Detik-detik Emosionalnya Mahfud MD Saat Said Didu Ucapkan Ini

- Juli 03, 2019


Ada momen emosional saat mantan ketua MK Mahfud MD memberikan kritikan kepada Said Didu yang menyebutkan para intelektual tak memberikan pembelaan.

Mulanya Mahfud mengatakan apa yang dikatakan Sadi Didu sebelumnya membuatnya agak emosional dalam menanggapi.
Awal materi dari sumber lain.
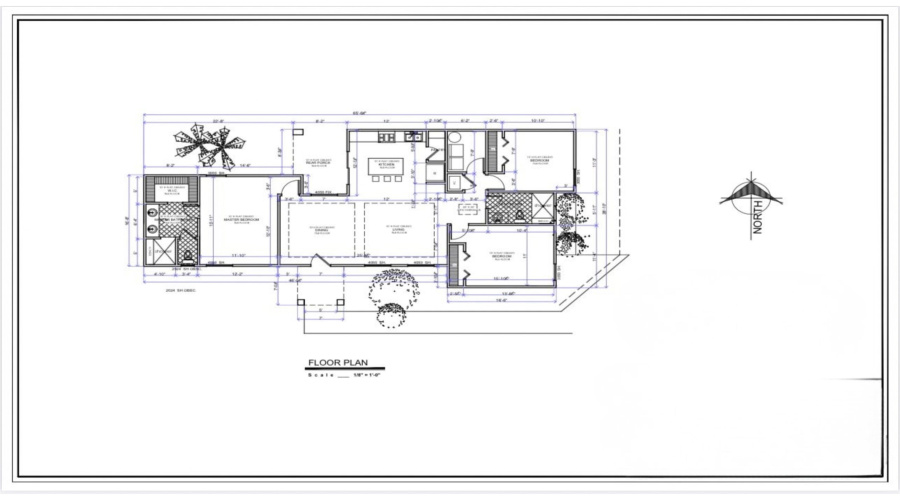 710 Rosemary Ln., Laredo, Texas 78046, 3 Bedrooms Bedrooms, 5 Rooms Rooms,2 BathroomsBathrooms,Residential,For Sale,710 Rosemary Ln.,20264615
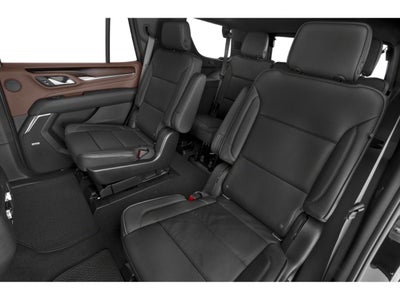 2021 GMC Yukon 2WD 4dr Denali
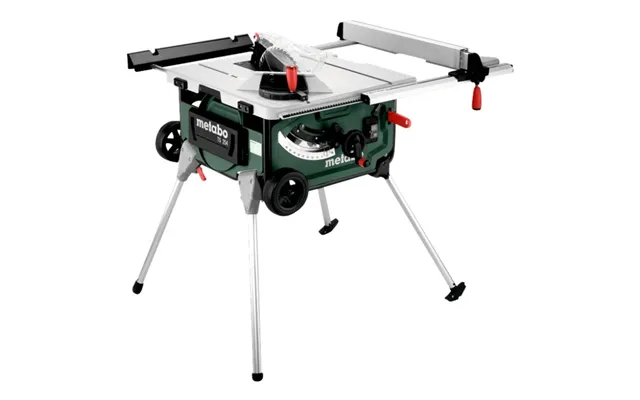 Metabo Ts 254 - Bordsav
Said Didu sempat menuturkan keluhan bahwa tidak ada intelektual yang memberikan pembelaan kepada dirinya.
"Agak emosional juga rasanya kalau misalnya Pak Said Didu mengatakan 'Wah kalau sekarang semua intelektual diam, orang ngritik ditindak, karena paslon 01 dibiarkan, enggak ada intelektual, diam saja, enggak ada yang bela' enggak juga, ini Pak Salim Said (Guru Besar Ilmu Politik Universitas Pertahanan) bela kalian semua," ujar Mahfud MD di program acara Indonesia Lawyers Club, Jakarta, Selasa (2/7/2019).

Ia kemudian memberikan contoh terkait kasus kasus yang pernah ia bela.

Yakni mengenai kasus tokoh dari Badan Pemenangan Nasional (BPN) Prabowo Subianto-Sandiaga, Neno Warisman yang pernah dituding makar.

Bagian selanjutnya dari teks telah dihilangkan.